Era merda spalmata sugli ebrei, sulle vittime e sui superstiti della Shoah, quella che insozzava il memoriale in costruzione con il contorno di quella sloganistica “pro-Pal”. E avevano mandanti molto precisamente individuabili i portatori di quelle deiezioni e i redattori di quei proclami di accusa lapidariamente distribuiti a denuncia della nuova colpa ebraica. I mandanti erano i responsabili di un anno e mezzo di retorica, appunto, sul “genocidio”, sulla “pulizia etnica”, sulla “punizione collettiva” senza sosta reiterata – si badi – non dai megafoni di qualche corteo adolescenziale, ma dal gigantesco coro politico, editoriale, accademico e dell’associazionismo presunto umanitario che dal pomeriggio del 7 ottobre del 2023 ha assordato un’opinione pubblica ormai globalmente educata al verbo falso di quella propaganda.

Vero il genocidio – e così mostruosa la responsabilità di chi lo compie – diventa una minuzia il caso di un energumeno che prende di mira due ebrei, un vecchio e un bambino, davanti a una scuola ebraica di Milano. Vera la pulizia etnica – e così intollerabile che sia impunemente perpetrata – diventa poca cosa la fioritura degli insulti sulle case degli ebrei.

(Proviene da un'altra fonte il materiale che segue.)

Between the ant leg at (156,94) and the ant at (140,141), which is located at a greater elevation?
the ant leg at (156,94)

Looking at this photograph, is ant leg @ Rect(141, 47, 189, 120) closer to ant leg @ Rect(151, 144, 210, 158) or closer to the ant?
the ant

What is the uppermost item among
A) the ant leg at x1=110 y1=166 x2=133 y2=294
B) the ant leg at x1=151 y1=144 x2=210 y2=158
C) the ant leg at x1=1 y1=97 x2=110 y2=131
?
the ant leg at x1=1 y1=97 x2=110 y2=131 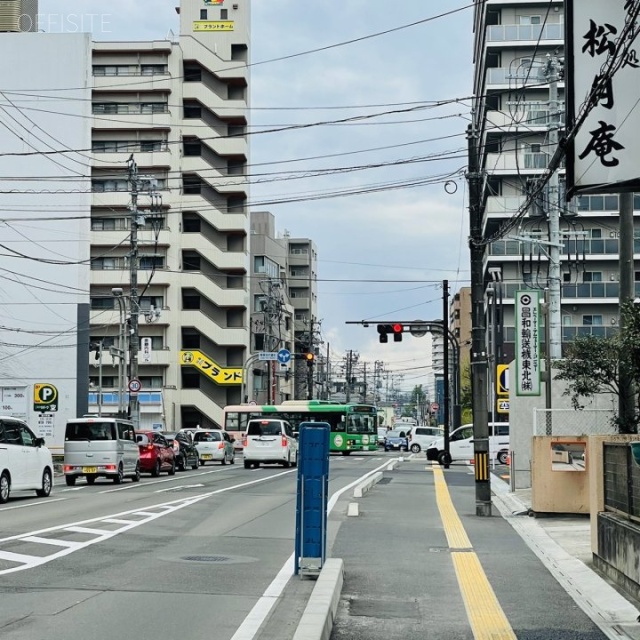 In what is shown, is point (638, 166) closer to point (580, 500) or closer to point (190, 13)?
point (580, 500)

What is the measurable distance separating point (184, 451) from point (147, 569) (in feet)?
104

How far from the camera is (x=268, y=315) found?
92.3 m

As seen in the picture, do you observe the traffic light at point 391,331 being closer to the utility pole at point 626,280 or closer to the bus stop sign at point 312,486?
the utility pole at point 626,280

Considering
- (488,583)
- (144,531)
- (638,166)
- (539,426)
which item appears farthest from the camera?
(539,426)

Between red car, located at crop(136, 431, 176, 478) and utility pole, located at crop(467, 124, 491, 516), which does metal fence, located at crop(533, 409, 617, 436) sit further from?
red car, located at crop(136, 431, 176, 478)

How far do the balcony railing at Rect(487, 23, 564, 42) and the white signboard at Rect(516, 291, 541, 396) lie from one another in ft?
145

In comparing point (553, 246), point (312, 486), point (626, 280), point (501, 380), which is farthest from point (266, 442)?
point (312, 486)

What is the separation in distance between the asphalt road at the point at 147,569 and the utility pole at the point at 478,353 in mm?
4057

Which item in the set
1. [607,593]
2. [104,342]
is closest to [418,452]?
[104,342]

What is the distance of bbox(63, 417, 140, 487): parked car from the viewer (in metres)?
32.0

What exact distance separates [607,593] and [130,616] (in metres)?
5.09

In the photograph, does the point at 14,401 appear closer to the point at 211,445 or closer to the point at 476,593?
the point at 211,445

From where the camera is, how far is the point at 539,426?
77.9 feet

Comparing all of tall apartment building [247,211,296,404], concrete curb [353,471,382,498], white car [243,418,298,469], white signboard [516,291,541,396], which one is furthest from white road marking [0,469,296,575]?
tall apartment building [247,211,296,404] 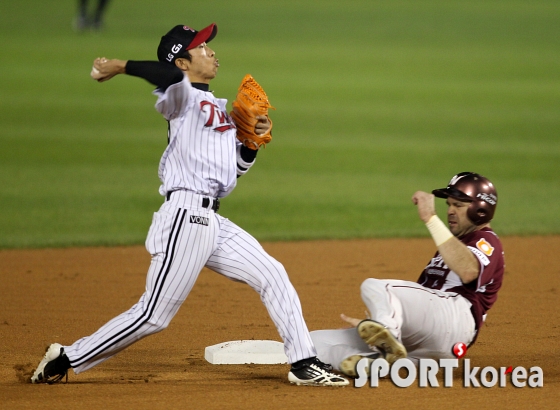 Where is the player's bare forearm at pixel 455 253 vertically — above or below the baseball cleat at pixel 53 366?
above

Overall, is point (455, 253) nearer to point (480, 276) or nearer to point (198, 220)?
point (480, 276)

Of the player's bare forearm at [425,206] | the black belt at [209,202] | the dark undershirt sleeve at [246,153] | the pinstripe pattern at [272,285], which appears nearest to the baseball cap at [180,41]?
the dark undershirt sleeve at [246,153]

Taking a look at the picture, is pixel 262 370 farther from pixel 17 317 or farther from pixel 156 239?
pixel 17 317

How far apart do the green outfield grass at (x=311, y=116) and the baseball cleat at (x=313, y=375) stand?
16.3 feet

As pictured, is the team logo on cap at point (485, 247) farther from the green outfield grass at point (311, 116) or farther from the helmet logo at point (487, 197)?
the green outfield grass at point (311, 116)

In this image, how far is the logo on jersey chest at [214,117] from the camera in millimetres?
4473

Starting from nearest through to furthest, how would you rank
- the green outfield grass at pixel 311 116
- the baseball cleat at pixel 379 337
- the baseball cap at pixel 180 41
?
the baseball cleat at pixel 379 337 → the baseball cap at pixel 180 41 → the green outfield grass at pixel 311 116

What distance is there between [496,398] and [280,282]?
3.97ft

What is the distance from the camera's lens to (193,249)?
4.38 m

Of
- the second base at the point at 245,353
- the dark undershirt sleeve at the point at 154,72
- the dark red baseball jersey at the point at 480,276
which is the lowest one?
the second base at the point at 245,353

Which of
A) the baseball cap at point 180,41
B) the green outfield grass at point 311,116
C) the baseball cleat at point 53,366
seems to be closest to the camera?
the baseball cleat at point 53,366

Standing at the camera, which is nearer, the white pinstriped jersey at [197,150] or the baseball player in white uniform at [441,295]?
the baseball player in white uniform at [441,295]

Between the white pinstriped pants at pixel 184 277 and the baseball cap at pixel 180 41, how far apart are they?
0.76m

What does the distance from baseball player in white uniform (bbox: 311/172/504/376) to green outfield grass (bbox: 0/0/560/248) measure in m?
4.80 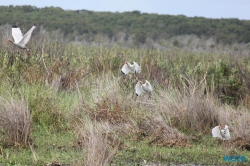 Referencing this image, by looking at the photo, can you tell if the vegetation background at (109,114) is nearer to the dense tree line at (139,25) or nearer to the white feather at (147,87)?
the white feather at (147,87)

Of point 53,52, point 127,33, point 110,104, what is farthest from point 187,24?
point 110,104

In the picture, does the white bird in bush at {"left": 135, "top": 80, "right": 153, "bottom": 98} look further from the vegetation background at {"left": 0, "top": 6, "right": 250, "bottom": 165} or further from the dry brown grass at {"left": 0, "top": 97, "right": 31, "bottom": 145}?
the dry brown grass at {"left": 0, "top": 97, "right": 31, "bottom": 145}

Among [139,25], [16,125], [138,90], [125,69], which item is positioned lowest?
[139,25]

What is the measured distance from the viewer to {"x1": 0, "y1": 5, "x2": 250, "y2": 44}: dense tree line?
2073 inches

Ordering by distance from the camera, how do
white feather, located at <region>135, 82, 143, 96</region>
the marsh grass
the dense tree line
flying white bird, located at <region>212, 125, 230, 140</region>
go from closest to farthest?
1. the marsh grass
2. flying white bird, located at <region>212, 125, 230, 140</region>
3. white feather, located at <region>135, 82, 143, 96</region>
4. the dense tree line

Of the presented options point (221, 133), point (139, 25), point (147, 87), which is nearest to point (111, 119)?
point (147, 87)

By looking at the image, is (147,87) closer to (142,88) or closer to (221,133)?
(142,88)

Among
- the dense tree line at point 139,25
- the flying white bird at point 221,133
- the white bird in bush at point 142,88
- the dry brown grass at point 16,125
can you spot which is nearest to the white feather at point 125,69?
the white bird in bush at point 142,88

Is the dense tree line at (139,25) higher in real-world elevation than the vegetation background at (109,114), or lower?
lower

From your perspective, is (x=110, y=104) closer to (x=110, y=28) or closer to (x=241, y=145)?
(x=241, y=145)

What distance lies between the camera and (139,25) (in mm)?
62031

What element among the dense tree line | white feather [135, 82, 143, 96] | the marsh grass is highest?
white feather [135, 82, 143, 96]

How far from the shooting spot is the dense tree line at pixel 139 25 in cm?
5266

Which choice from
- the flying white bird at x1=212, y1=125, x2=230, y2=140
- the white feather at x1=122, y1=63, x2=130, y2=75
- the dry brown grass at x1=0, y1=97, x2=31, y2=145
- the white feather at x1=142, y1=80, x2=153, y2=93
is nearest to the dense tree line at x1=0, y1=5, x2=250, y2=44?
the white feather at x1=122, y1=63, x2=130, y2=75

Vera la punizione collettiva – e così scandaloso che abbia corso nell’indifferenza comune – diventano dettagli magari non piacevoli, ma dopotutto trascurabili, le bastonate sulla schiena di un rabbino.

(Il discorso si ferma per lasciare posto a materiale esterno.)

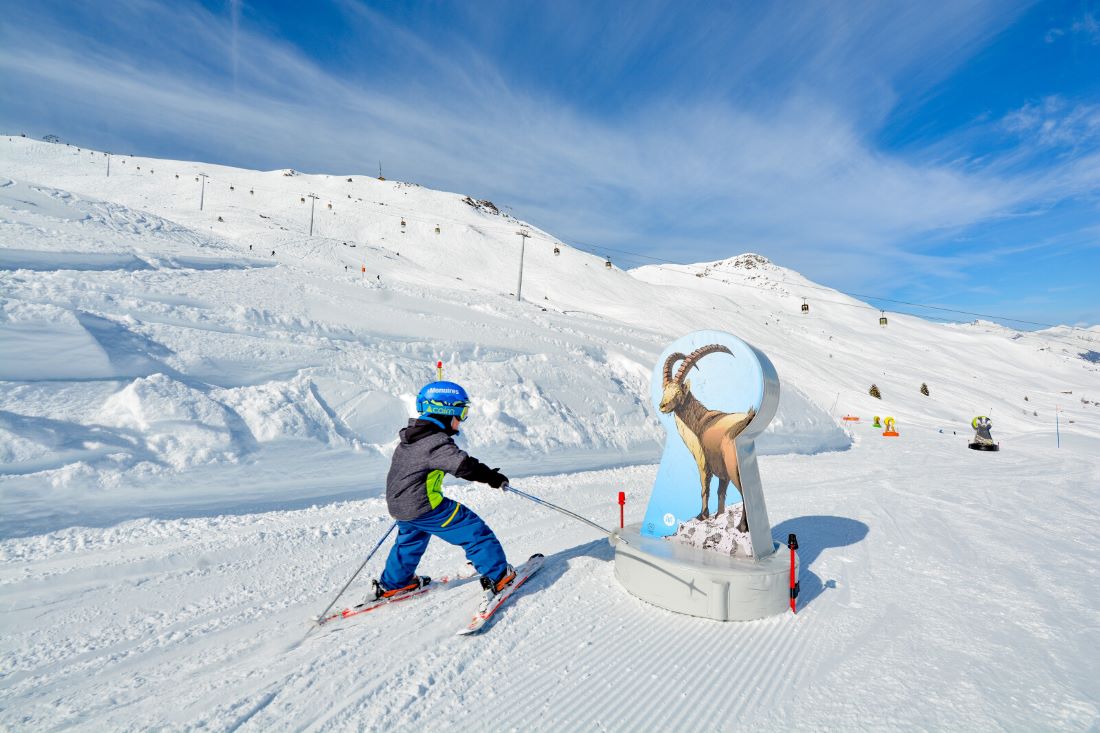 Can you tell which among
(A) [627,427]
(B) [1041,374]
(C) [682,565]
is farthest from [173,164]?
(B) [1041,374]

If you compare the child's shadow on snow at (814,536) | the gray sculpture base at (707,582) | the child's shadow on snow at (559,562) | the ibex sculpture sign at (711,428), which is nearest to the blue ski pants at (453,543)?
the child's shadow on snow at (559,562)

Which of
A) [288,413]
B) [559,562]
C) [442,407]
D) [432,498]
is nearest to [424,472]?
[432,498]

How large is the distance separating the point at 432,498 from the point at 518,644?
1354 mm

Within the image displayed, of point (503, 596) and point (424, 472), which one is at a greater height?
point (424, 472)

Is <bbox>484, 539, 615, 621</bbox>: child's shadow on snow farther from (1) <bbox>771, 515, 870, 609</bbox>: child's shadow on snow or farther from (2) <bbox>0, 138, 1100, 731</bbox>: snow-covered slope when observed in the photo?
(1) <bbox>771, 515, 870, 609</bbox>: child's shadow on snow

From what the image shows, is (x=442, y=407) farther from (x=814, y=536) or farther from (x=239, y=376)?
(x=239, y=376)

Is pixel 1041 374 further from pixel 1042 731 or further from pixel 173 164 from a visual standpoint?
pixel 173 164

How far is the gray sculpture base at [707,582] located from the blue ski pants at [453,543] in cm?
137

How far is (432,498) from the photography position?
14.7 ft

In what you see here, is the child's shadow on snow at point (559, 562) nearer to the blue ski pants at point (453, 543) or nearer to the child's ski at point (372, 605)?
the blue ski pants at point (453, 543)

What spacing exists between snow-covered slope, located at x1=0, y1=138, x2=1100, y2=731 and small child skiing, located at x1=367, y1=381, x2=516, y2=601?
0.37m

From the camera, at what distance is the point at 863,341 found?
5822 centimetres

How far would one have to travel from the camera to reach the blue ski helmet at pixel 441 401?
467 cm

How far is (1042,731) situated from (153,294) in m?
14.1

Ma c’è poi un responsabile collettivo anche più colpevole di quelli che personalmente e direttamente si sono abbandonati alla divulgazione di quella propaganda, le montagne di menzogne sul genocidio dei palestinesi e sulle statistiche false rivolte a trasfigurare la guerra di Gaza, scatenata da Hamas, nel deliberato sterminio sionista di donne e bambini. È la vasta schiera – mezza soltanto pigra, mezza riluttante a intendere – che, se non ha partecipato direttamente alla disseminazione di quella retorica, tuttavia l’ha lasciata correre e non l’ha denunciata per quel che era, facendo finta che fosse il frutto di un innocuo e passeggero movimento di budella. Qualcosa, appunto, capace tutt’al più di risolversi in qualche episodio di fungibile teppismo. Non li sfiorava il sospetto che una stella gialla appuntata sul bavero di un ebreo era dopotutto un dettaglio sartoriale, imparagonabile per gravità alla cospirazione giudaica che succhiava il sangue ai popoli sottoposti al dominio di quella schiatta usuraia.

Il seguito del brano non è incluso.